The US dollar could gain further ground next week, underpinned by the view that other major economies are deteriorating while the United States, the first major casualty of the credit crisis, is showing signs of reviving.
The dollar could also benefit from declining crude oil prices, which have fallen more than $35 per barrel from their record peak last month. Oil continued its decline on Friday, sliding 2 percent to $112.71 per barrel, undermined by worries about slumping demand as global growth slows.
The dollar has risen 1.7 percent on the week and nearly 6 percent in August against the euro. On Friday, it traded at a six-month high of $1.4665, down more than 8 percent from a record peak hit last month.
Against a basket of currencies, the dollar rose to a seventh-month high at 77.252 on Friday, gaining about 1.3 percent on the week, and 5.4 percent this month. Analysts say traders are targeting $1.4550 in euro/dollar in the coming week, although many believe the pair's losses could be capped above $1.4364, which is the January low.

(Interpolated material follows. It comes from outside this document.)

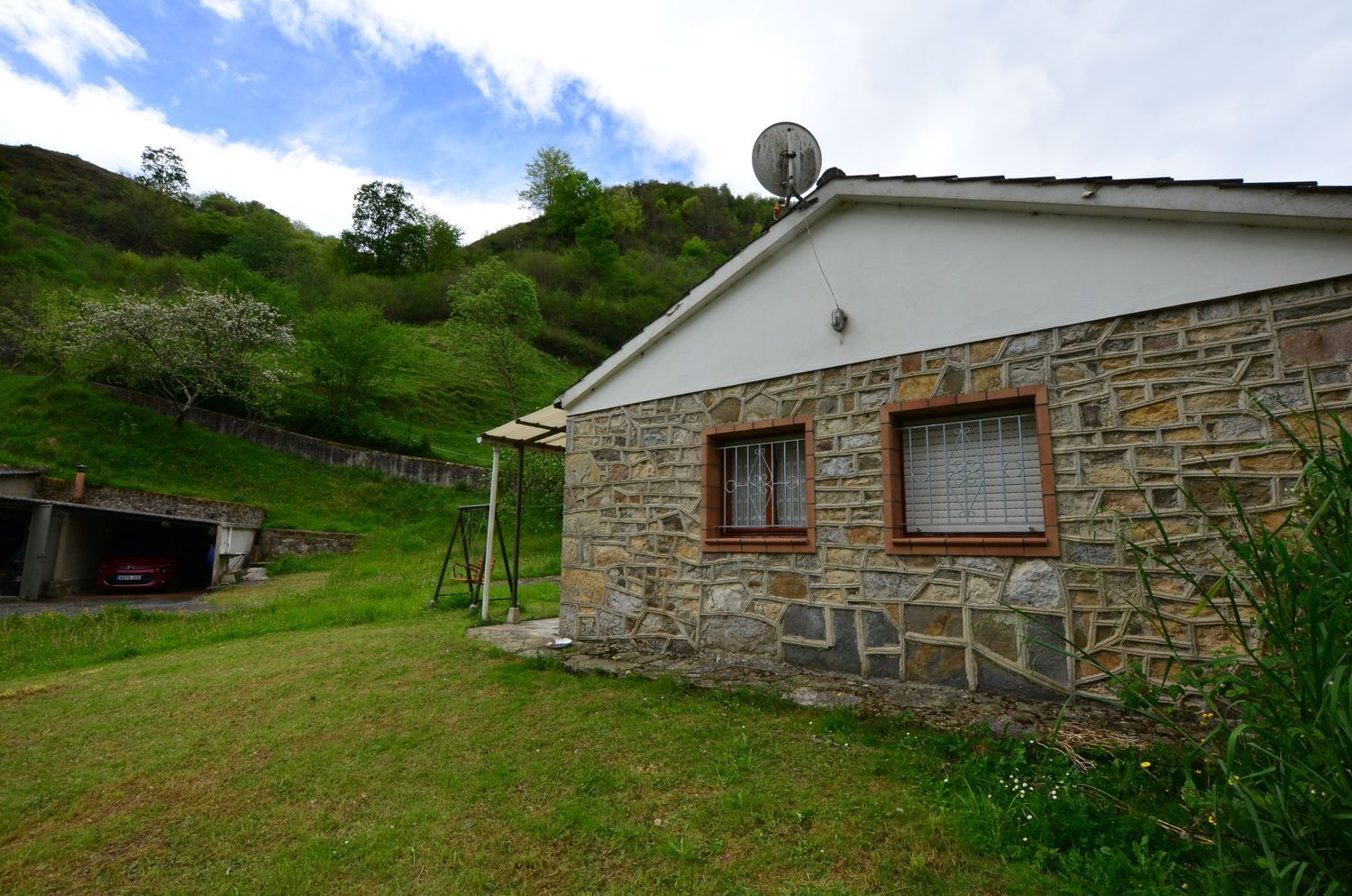 Casas o chalets-Venta-PiloÃ±a-1723336-Foto-9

Next week's US economic data should do little to halt the dollar's uptrend, with markets focusing on July's housing starts and producer prices data both due on Tuesday. US housing starts are expected to decline in July but analysts do not expect much of a negative dollar reaction since investors have already priced in much of the housing slowdown.
The market is also looking for an increase in producer prices and a stable core number for July and this should have just a modest impact on the dollar, after currency investors largely shrugged off higher-than-expected inflation figures this week.
FOCUS ON JACKSON HOLE, EURO ZONE DATA: Investors will also focus on a gathering of policymakers next week in Jackson Hole, Wyoming, for the Kansas City Federal Reserve's symposium. The event will culminate with remarks from Fed Chairman Ben Bernanke and currency traders will be on the lookout for market-sensitive comments on the economy and rate expectations that could provide a further boost for the dollar versus the euro.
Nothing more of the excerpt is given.